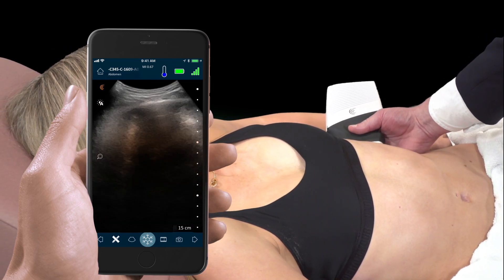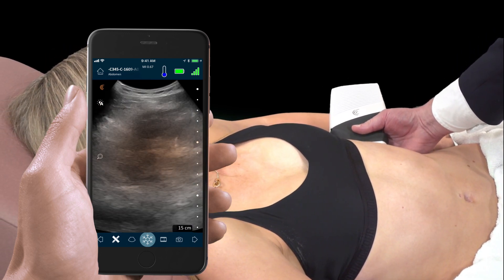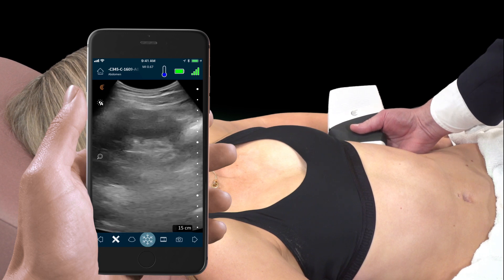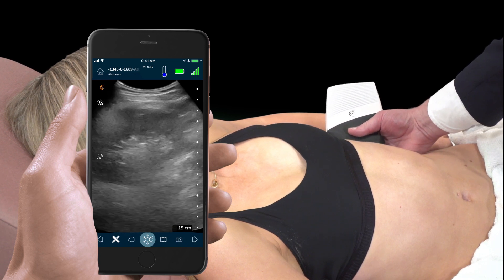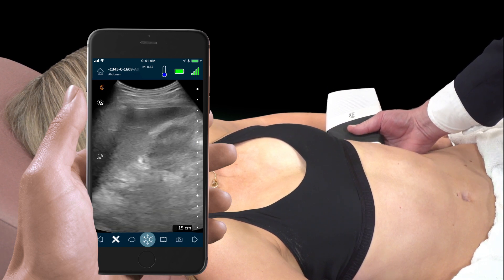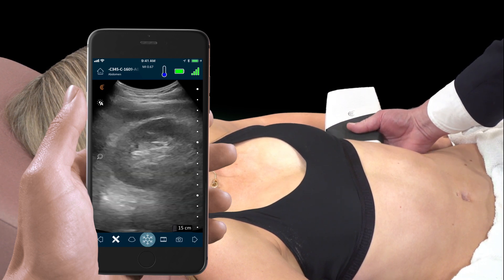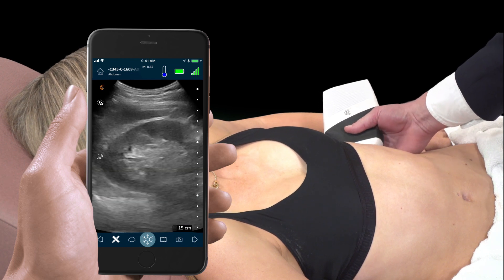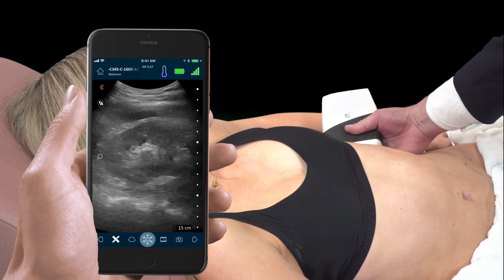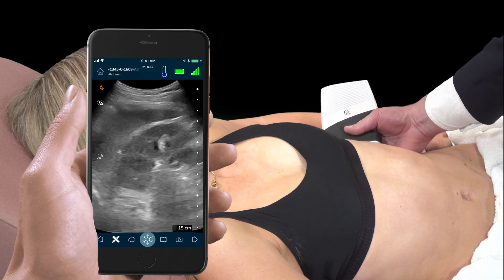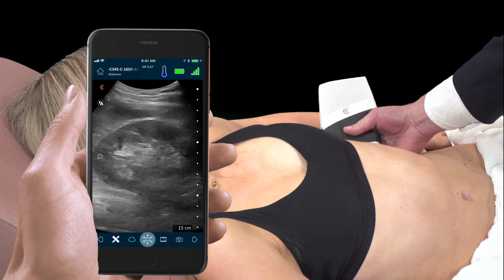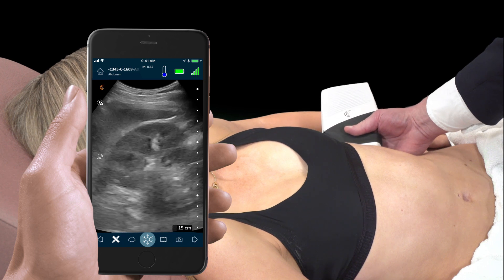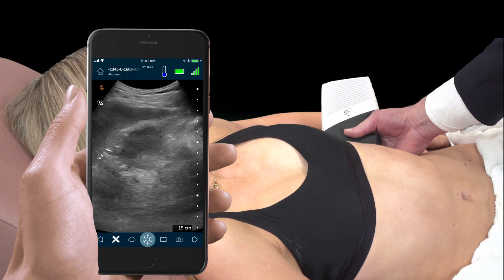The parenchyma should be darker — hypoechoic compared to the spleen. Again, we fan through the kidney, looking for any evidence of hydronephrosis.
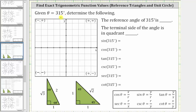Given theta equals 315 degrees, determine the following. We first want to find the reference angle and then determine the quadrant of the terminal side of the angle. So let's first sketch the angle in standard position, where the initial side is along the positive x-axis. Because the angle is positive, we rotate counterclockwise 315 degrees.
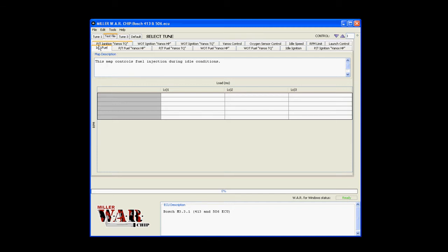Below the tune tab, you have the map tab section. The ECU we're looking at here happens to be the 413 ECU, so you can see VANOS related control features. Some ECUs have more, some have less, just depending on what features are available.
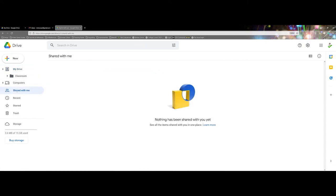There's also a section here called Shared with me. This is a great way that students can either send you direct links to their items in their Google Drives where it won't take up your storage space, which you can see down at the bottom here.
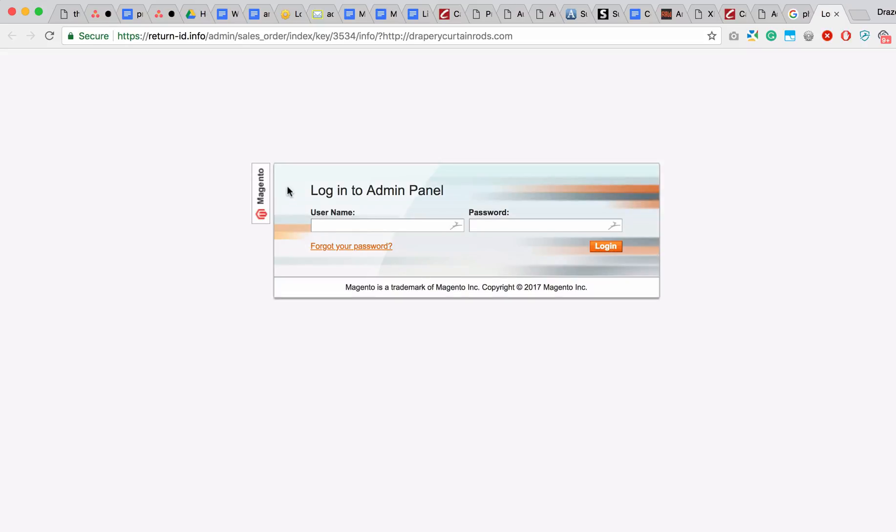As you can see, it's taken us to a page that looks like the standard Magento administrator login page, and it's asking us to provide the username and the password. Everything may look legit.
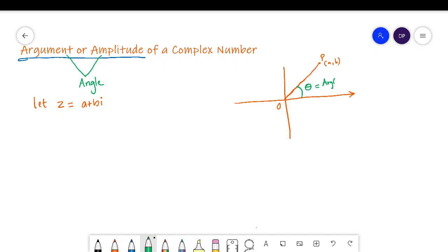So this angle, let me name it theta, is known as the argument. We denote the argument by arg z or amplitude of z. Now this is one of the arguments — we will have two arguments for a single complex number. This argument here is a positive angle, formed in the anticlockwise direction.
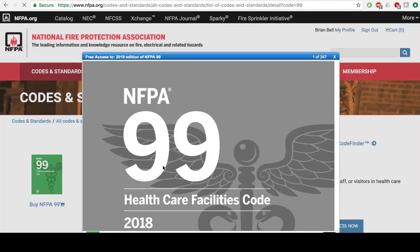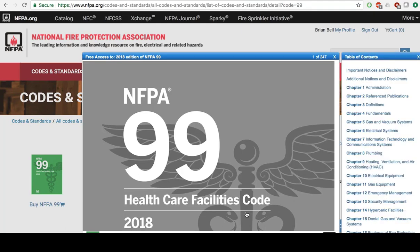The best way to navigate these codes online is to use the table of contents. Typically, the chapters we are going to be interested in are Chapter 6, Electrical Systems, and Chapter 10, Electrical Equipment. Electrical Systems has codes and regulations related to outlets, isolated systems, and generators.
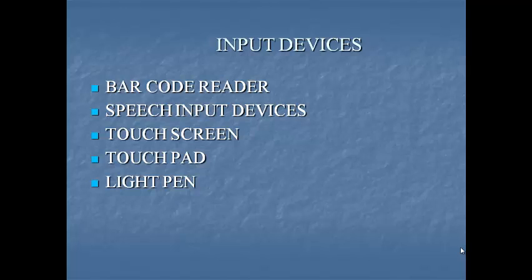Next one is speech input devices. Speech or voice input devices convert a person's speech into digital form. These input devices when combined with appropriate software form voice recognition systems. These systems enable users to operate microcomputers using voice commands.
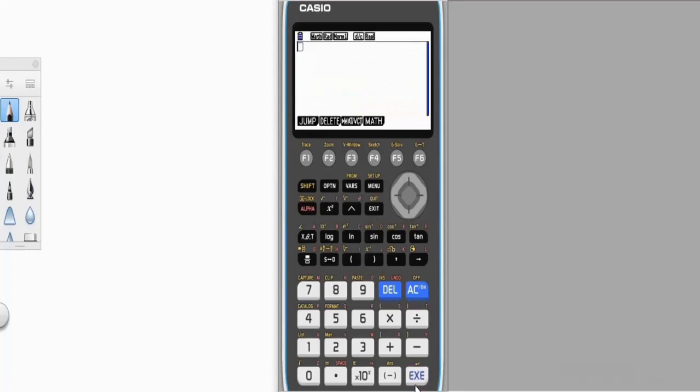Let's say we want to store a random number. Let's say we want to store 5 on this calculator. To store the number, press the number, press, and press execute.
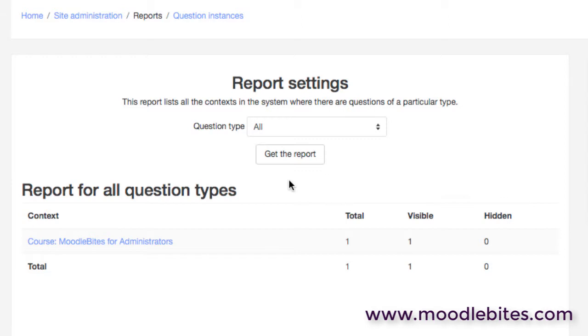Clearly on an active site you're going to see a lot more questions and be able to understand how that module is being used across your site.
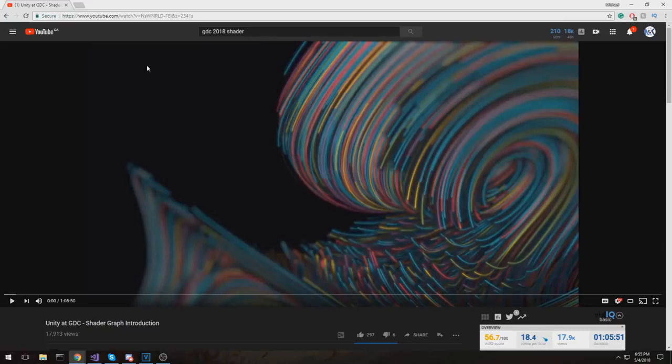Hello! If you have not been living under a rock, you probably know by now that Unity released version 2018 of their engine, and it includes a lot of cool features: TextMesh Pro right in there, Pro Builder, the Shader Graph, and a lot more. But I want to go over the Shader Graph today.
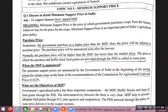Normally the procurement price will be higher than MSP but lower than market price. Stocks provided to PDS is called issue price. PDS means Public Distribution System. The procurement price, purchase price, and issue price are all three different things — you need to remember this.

___

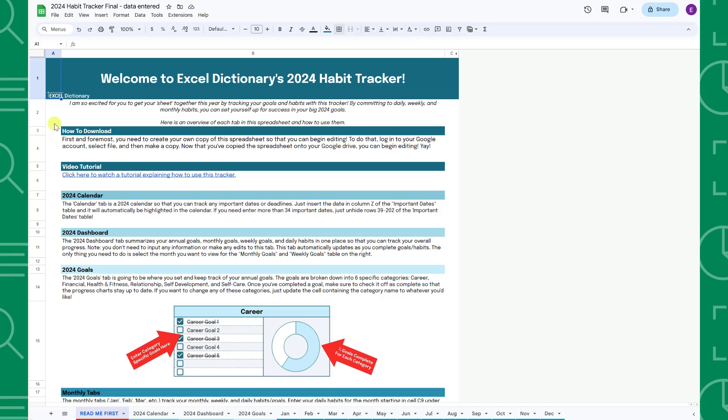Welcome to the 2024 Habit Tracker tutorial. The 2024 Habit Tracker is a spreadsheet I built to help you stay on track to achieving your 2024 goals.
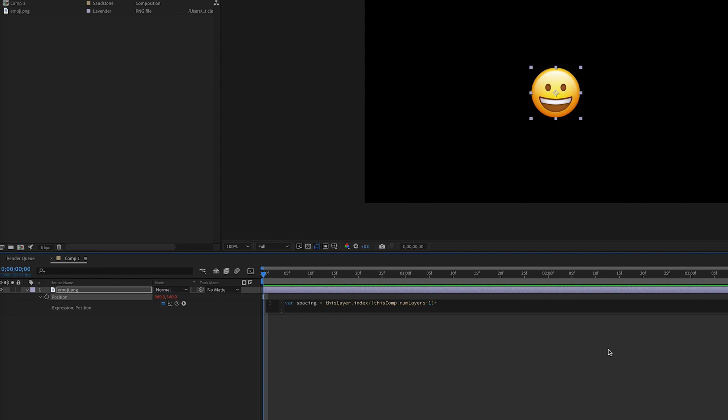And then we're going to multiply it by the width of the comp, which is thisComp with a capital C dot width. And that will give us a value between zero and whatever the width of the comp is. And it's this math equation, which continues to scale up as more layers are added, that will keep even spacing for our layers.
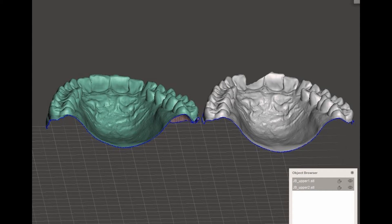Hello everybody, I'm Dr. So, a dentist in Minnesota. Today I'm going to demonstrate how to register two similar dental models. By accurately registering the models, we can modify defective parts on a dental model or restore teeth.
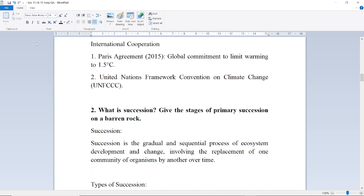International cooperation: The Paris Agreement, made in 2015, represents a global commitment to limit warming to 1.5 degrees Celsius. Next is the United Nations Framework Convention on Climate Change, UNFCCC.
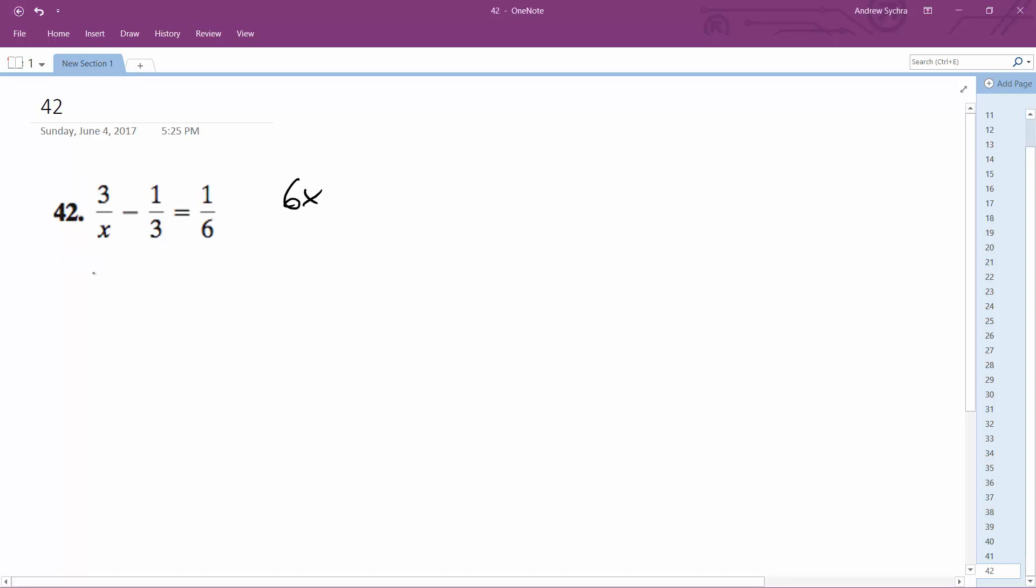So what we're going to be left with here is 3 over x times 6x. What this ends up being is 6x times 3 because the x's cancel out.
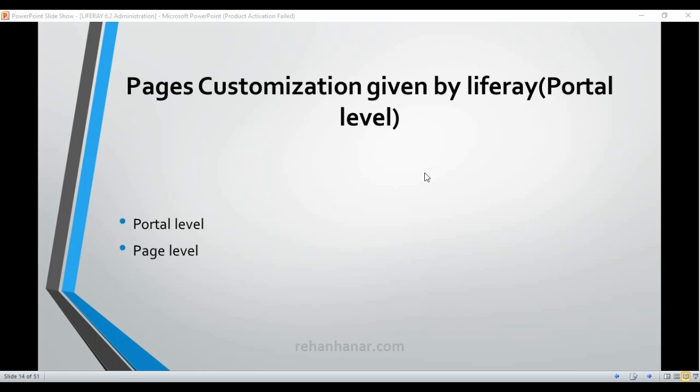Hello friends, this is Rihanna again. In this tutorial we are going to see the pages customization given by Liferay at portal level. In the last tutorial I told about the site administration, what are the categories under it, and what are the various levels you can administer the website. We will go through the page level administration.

___

Above, find the line with "And then we're"; copy it and every line down to the line with "Hello everybody, I'm", exactly and both included, but no pictures.

> **Response to this exercise**:
And then we're going to multiply it by the width of the comp, which is thisComp with a capital C dot width. And that will give us a value between zero and whatever the width of the comp is. And it's this math equation, which continues to scale up as more layers are added, that will keep even spacing for our layers.
Hello everybody, I'm Dr. So, a dentist in Minnesota. Today I'm going to demonstrate how to register two similar dental models. By accurately registering the models, we can modify defective parts on a dental model or restore teeth.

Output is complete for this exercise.